Mais je crois qu’il faut surtout chercher du côté des facteurs techniques. La liquidité du marché (au sens du fonctionnement du marché) n’apparait pas suffisante au regard des montants engagés notamment après les opérations de politique monétaire non orthodoxes. La régulation a pénalisé le rôle de market maker qui pouvait stabiliser le marché en cas d’accélération de la volatilité. Cela ne fonctionne plus alors que les marchés sont arbitrés très rapidement y compris sur des actifs peu liquides. Cela se traduit par des ajustements très rapides lorsqu’un chiffre ou une option de politique monétaire traduisent une réévaluation du scénario économique. Cependant cela montre qu’il y a une dynamique de marché qui manque de robustesse et c’est cela le plus pénalisant.
Car les données macroéconomiques ne justifient pas l’idée d’une convergence immédiate et rapide vers une situation normale. La Chine, les USA et la zone Euro ne sont des moteurs forts de la croissance de l’économie mondiale et l’inflation ne devrait pas franchement s’accélérer après le statu quo de l’OPEP sur sa production. L’inflation devrait ralentir car le prix du pétrole ne restera pas élevé. L’ensemble de ces données ne parait pas compatible avec une hausse durable des taux d’intérêt. je pense qu’un repli est à venir.

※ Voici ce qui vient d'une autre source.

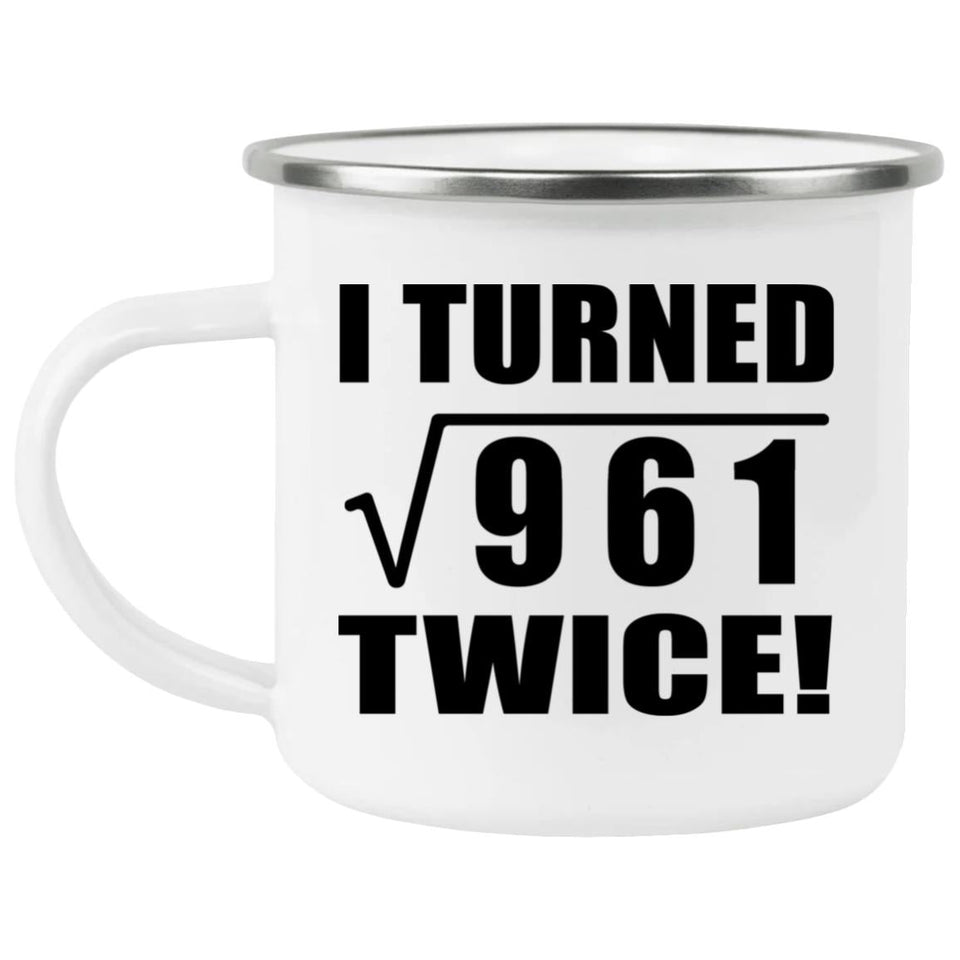 62nd Birthday I Turned Square Root of 961 Twice - 12oz Camping Mug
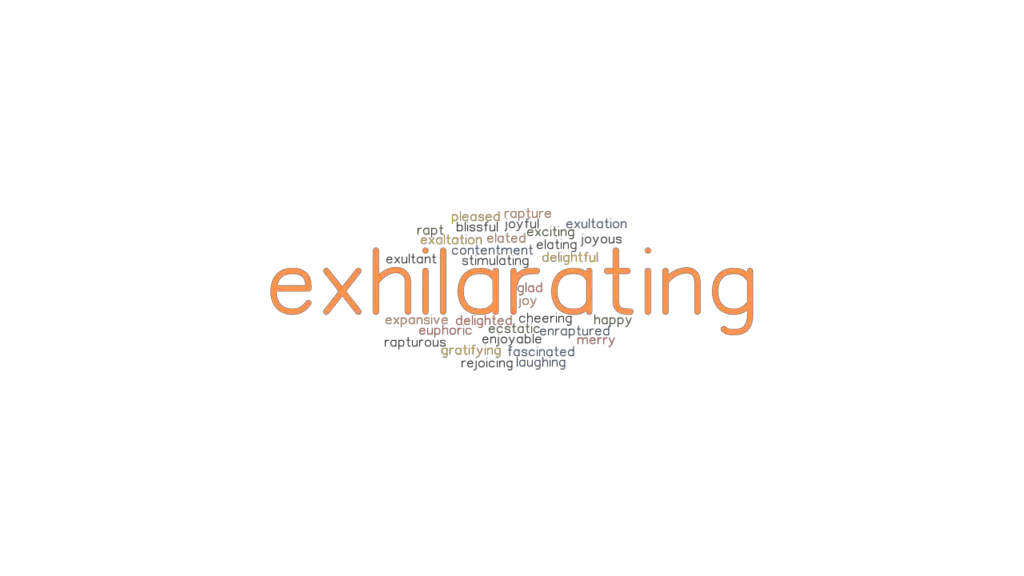 EXHILARATING Synonyms And Related Words What Is Another Word For 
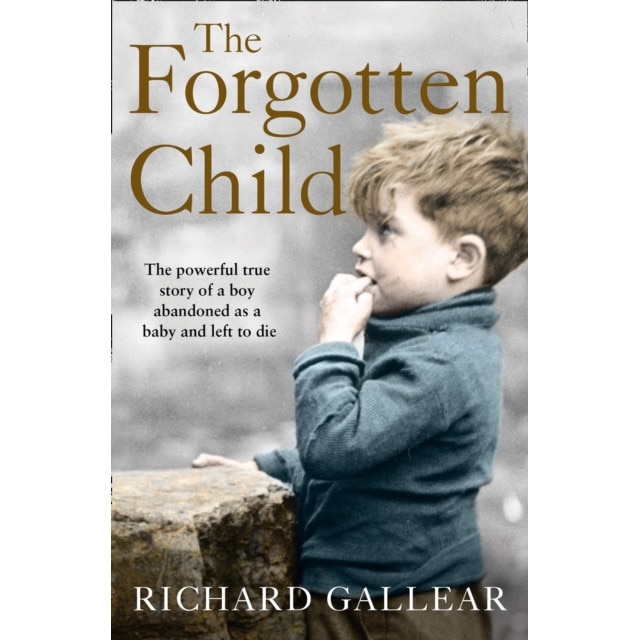 The Forgotten Child de Richard Gallear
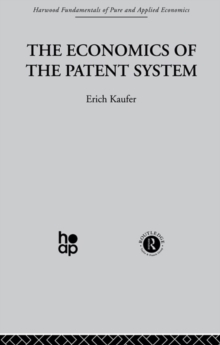 The Economics of the Patent System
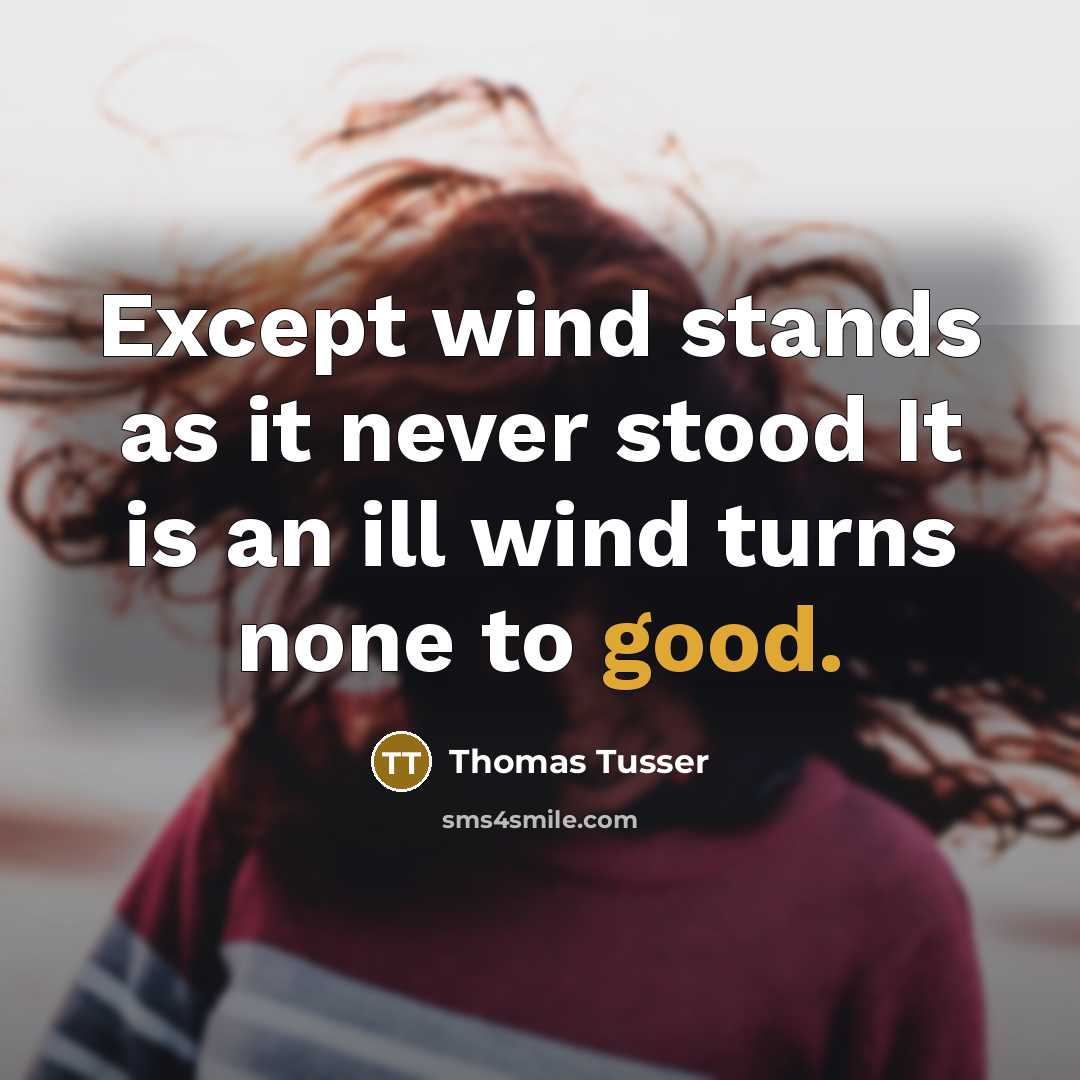 “Except wind stands as it never stood It is an ill wind turns none to good.” quote by Thomas Tusser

Discussion en France sur les chiffres du chômage. Pôle Emploi suggère une hausse du nombre de chômeurs et l’INSEE le contraire. Au regard de la méthodologie, le chiffre de l’INSEE est certainement le plus fiable pour appréhender la réalité du chômage en France. Il est basé sur un sondage trimestriel large (150 000 personnes sondées sur un an) alors que le chiffre de Pôle Emploi mélange des gens qui perdent leur emploi à ceux qui sont rayés des statistiques pour une question administrative. Les premiers sont à la recherche d’un emploi et disponible immédiatement alors que les seconds ont une définition un peu plus floue. L’écart entre les deux mesures est fort mais la mesure du BIT basée sur le sondage avec un cadre clairement défini est plus pertinente.
Pour la semaine qui s’ouvre on sera très attentif aux dépenses des ménages américains avec les ventes de détail de mai (jeudi).
Le PIB final avec le détail des compositions sera publié mardi en zone Euro
Mardi le taux d’inflation en Chine et jeudi les indicateurs relatifs à la production industrielle, l’investissement et les ventes de détail.
La production industrielle en Allemagne sera publiée mardi, ce sera mercredi pour la France, l’Italie et le Royaume Uni et vendredi pour la zone Euro
Jeudi l’indice des prix pour le mois de mai en France sera publié.